We woke this morning to a cold but beautiful day with clear blue skies. Our first chore in the morning was to get ourselves some more Uruguayan pesos, and then some groceries for the next three days. Brett went out to check out one nearby ATM nearby on his own but it was out of cash and the bank didn’t open until 1:00 p.m. (ATMs are all attached to banks here). So, we waited until 1:00, got our pesos and then set out to find a grocery store – easier said than done because even though we had checked out locations on Google Maps, nothing looked like a grocery store from the street. We finally entered what appeared to be a discount quick-mart from the front, but which held a full supermarket at the back. It turned out to have a better selection of groceries than stores we had visited in Buenos Aires, but prices were definitely higher here. Also, the produce section was surprisingly small (almost non-existent, really) with very little to choose from and, unlike Buenos Aires, we have so far not seen any independent produce stalls on the street nor any bakeries either. I’m hopeful they’re around though.

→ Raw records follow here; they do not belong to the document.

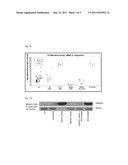 SCREENING ASSAYS FOR THE IDENTIFICATION OF BACE2 INHIBITORS diagram and image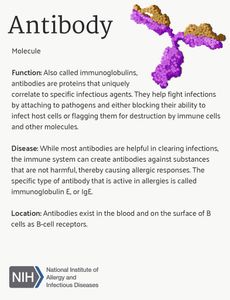 What is the main function of proteins in the body?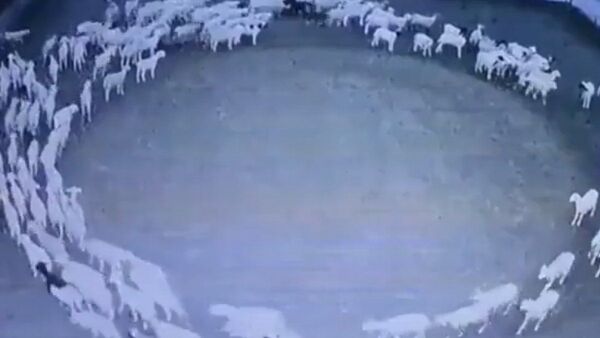 Video viral: Ovejas giran en sentido del reloj desde hace varios días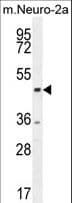 CTBP1 / CTBP Antibody (aa409-438)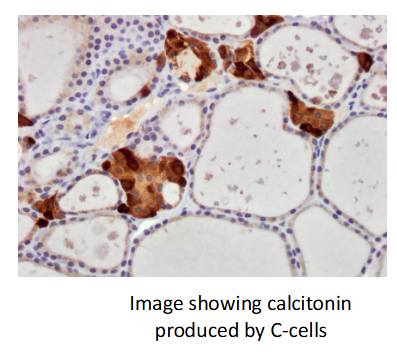 <p>Produced by C cells</p><p>Located between thyroid follicles</p><p>One of two hormones involved in maintaining homeostasis of blood Ca levels (other is parathyroid)</p>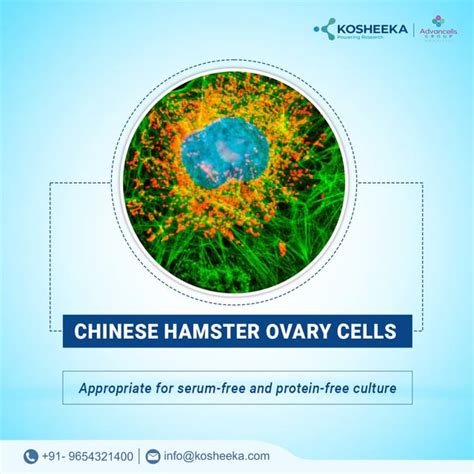 Chinese Hamster Ovary Cells | Kosheeka : r/stemcells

La Rambla (Division Republica Argentina)

Looking out on the Atlantic Ocean from La Rambla at the Parque Rodo neighborhood of Montevideo.

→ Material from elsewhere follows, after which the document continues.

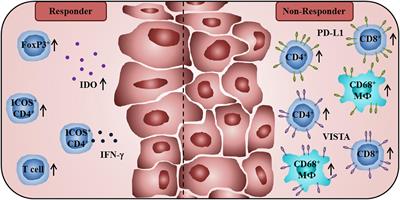 Characteristics of Tumor-Infiltrating Lymphocytes Prior to and During Immune <mark class="highlighted">Checkpoint Inhibitor Therapy</mark>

The place we wanted to visit first in Montevideo was La Rambla, the broad avenue which goes all along the coastline of the city, from the Rio de la Plata on the west to the Atlantic ocean on the south. Almost 14 uninterrupted miles long, it has the world’s longest continual sidewalk, and is under consideration as a World Heritage Site. La Rambla has been called the “identity of Montevideo” as well as “the lungs of the city.” The wide sidewalk is used by city dwellers for walking, skating, fishing, sunbathing and so forth. There are several beaches along its way as well, and no buildings are allowed on the water side of La Rambla so that views are not interrupted. It took us a bit longer than we imagined to walk to it from our apartment, but it was worth the time in spite of the wind we experienced. It was exciting to get our first view of the Atlantic Ocean!

Tomorrow we are heading out in the morning for a free walking tour of Montevideo’s historic Old Town and we may try to visit another division of La Rambla if we can. Wednesday’s schedule remains up in the air as rain is forecast for the entire day. We have laundry to do though and a bit of repacking to take care of before we depart for Paris on Thursday morning so we’ll be busy no matter how things turn out.

Evening approaches the city: the view from our balcony.